Screen and treat cervical-cancer screening strategies with VIA or HPV DNA testing conducted in 1 to 2 visits have been demonstrated to be cost-effective in low resource settings compared to conventional three-visit cytology.(4) New rapid HPV tests, which are less expensive and easier to use than the hybrid capture 2 test, may potentially be the more feasible strategy in low resource settings.(5) This trial suggests that both the HPV-DNA and VIA screen-and-treat strategy were safe and effective and could substantially reduce high grade cervical cancer precursors among HIV-positive women. These types of screening programs are currently being piloted in HIV care and treatment programs in Africa.(6) HIV care and treatment programs could provide an important platform for implementation of effective cervical cancer prevention programs. More data are needed on the impact of these strategies among HIV-infected women, particularly among those on antiretroviral therapy, and on the rate of recurrence after treatment in HIV-positive women.

References

  1. De Vuyst H, Lillo F, Broutet N, Smith JS. HIV, human papillomavirus, and cervical neoplasia and cancer in the era of highly active antiretroviral therapy. Eur J Cancer Prev. 2008 Nov;17(6):545-5.
  2. Denny L. The prevention of cervical cancer in developing countries. BJOG. 2005 Sep;112(9):1204-12.
  3. Denny L, Kuhn L, De Souza M, Pollack AE, Dupree W, Wright TC Jr. Screen-and-treat approaches for cervical cancer prevention in low-resource settings: a randomized controlled trial. JAMA. 2005 Nov 2;294(17):2173-81.
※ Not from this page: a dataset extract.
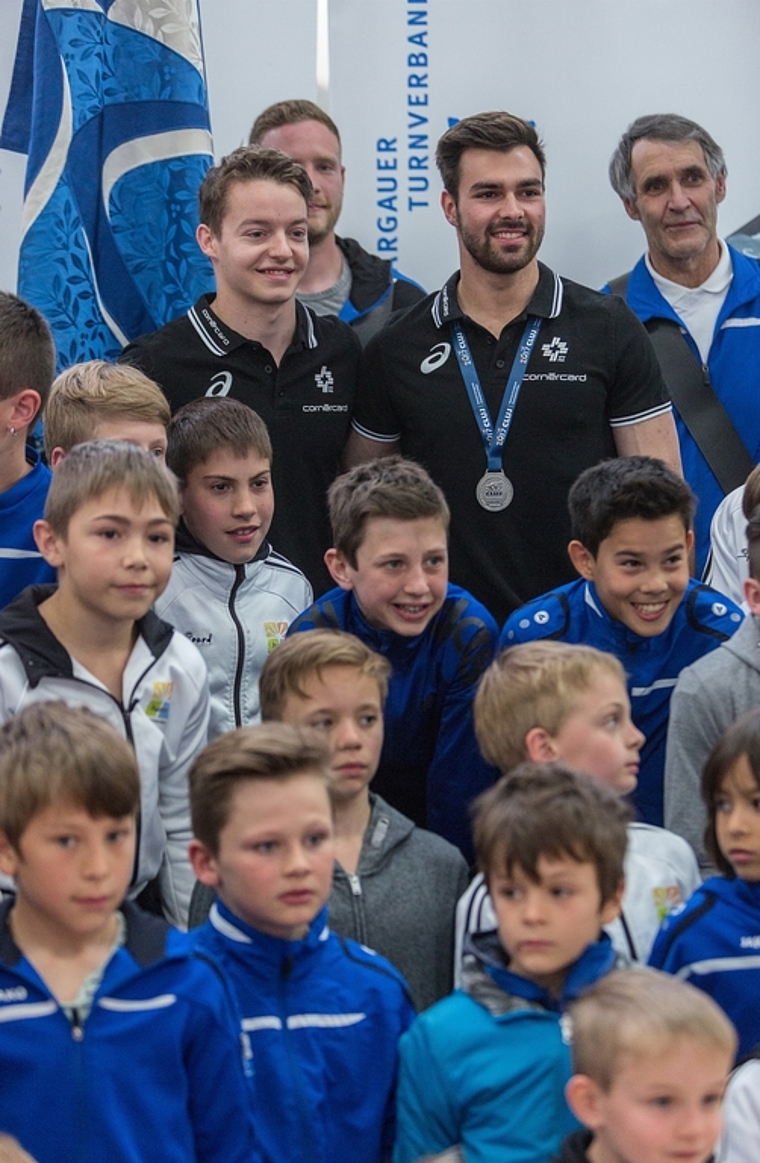 Posieren mit dem Nachwuchs: Christian Baumann und Oliver Hegi (in schwarzen Polo-Shirts) am Empfang im Turnzentrum Niederlenz. Foto: Chris Iseli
  4. Goldie SJ, Gaffikin L, Goldhaber-Fiebert JD, Gordillo-Tobar A, Levin C, Mahé C, Wright TC; Alliance for Cervical Cancer Prevention Cost Working Group. Cost-effectiveness of cervical-cancer screening in five developing countries. N Engl J Med. 2005 Nov 17;353(20):2158-68.
  5. Levin CE, Sellors J, Shi JF, Ma L, Qiao YL, Ortendahl J, O'Shea MK, Goldie SJ. Cost-effectiveness analysis of cervical cancer prevention based on a rapid human papillomavirus screening test in a high-risk region of China. Int J Cancer. 2010 Sep 1;127(6):1404-11.
  6. Mwanahamuntu MH, Sahasrabuddhe VV, Pfaendler KS, Mudenda V, Hicks ML, Vermund SH, Stringer JS, Parham GP. Implementation of 'see-and-treat' cervical cancer prevention services linked to HIV care in Zambia. AIDS. 2009 Mar 27;23(6):N1-5.